One farmer from the Karaulbazar district, a sunburnt man of 50 in a cap turned grey from dust, said he found it frustrating to watch unripe wheat being cut, but realised that he needed the combine and that it would not be returning at a later date.



“If it weren’t for the combine, who would gather the crop – the people?” he said. “I have a large number of hectares of land under wheat. When a combine enters the field, it can’t separate the ripe from the unripe. This year, the same thing will happen,” he said.



Three years ago, this farmer came to the attention of the local authorities when he refused to allow harvesting to take place on his land. His attempt to delay the harvest lasted only a week.



“No, I didn’t let the combines in, because my wheat was not ripe. But the result was the same – the harvest was gathered anyway,” he said.



Farmers struggle to find a use for the unripe wheat they are left with, and either use it to feed animals or make poor quality bread out of it. They dry out the grains and try to ripen them a little more by spreading them out on the ground.



“It’s very hard to sell this grain. Either the animals will eat it, or it will rot in the barn,” said one local farmer.
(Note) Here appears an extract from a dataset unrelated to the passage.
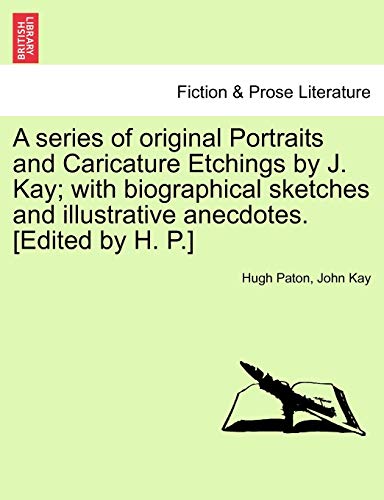 Imagen de archivo de A series of original Portraits and Caricature Etchings by J. Kay; with biographical sketches and illustrative anecdotes. [Edited by H. P.] VOL. II, NEW EDITION a la venta por Lucky's Textbooks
Several years ago, farmers in Karaulbazar district interviewed by RFE/RL radio spoke about how unhappy they were with the restrictive rules they had to abide by for the harvest. That would be impossible now – since the Andijan violence of 2005, the Uzbek government has clamped down even further on attempts to express dissent.



“We’ve been forbidden to say we’re unhappy that grain is being cut from our fields before it ripens,” said another farmer from the district, who said he feared being called in by Uzbekistan feared National Security Service. “They control everything in the country now - even my dissatisfaction about my own harvest.”



The parcelling out of land from the old Soviet collective farms theoretically gave the new private farmers more control over their lives. But the state’s retention of ownership of the land and the continuation of the “state order” system means the farmers remain dependent on the government.



“If this field really was mine and I didn’t have to hand the wheat over to the state, I would be a millionaire now, not poor and bankrupt,” said one man.



This system is unlikely to change, but the agricultural expert interviewed for this story offered one practical solution – the authorities should acquire more agricultural machinery for the centralised pools they lend out to farmers. The shortage of combine harvesters is, he argues, the main reason why wheat is reaped before it is ready.



“The equipment is good, but there isn’t enough of it to cover the entire country, so they take desperate measures to gather in all the wheat - ripe or unripe - and avoid losing the harvest,” he said.